Life's is a tale told by an idiot, full of sound and fury, signifying nothing.
 

Yes. He and I had a discussion wherein we decided internally that the 3rd party wouldn't be able to execute based on a similar situation and we decided to explore other options. Ultimately, a month and a half later, he's forgotten that we decided to never present the opportunity to the 3rd party. And concluded that they weren't involved because they had turned it down. When in fact he and I discussed it and decided never to run it to them.

We look a ridiculous amount of deals. I've probably looked at at some 30 or 40 transactions in some form or another in Q1 alone. It' hard to keep them all straight and there are some I don't get involved in. So I get why he mixed it up. But had he come to me in the first place before escalating the issue, I could have very easily reminded him.

 

Immediately.

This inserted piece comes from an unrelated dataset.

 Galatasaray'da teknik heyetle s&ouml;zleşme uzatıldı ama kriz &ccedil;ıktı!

I've learned this the hard way in my career...loyalty general goes one way and it's not in your direction. Only be as loyal as your pay grade allows, these managers / md's and bosses ARE NOT YOUR FRIENDS. they will throw you under the bus the second it's necessary. Watch out for yourself first.

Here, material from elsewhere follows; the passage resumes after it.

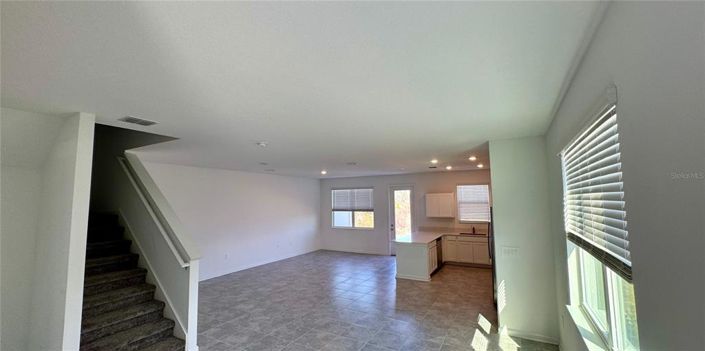 Image No.12-3 Bed Townhouse for sale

Ace all your PE interview questions with the WSO Private Equity Prep Pack: http://www.wallstreetoasis.com/guide/private-equity-interview-prep-questions
 

I can second what Stringer said on loyalty. I had a boss who wanted to make sure that I was loyal to him and the company (That should be a big red flag for anyone that it's time to leave). I was let go about 2 weeks later because he perceived that I was unloyal despite having a legitimate emergency to deal with the day he fired me. He fought the unemployment tooth and nail - again, something I don't recommend anyone try and go through because it's a serious pain in the ass fighting to get unemployment, but he never showed for the arbitration hearing and I had enough on my side to win regardless of his decision not to show. If the boss expects you to fall on your sword, start looking elsewhere. IT may end up saving you in the long run.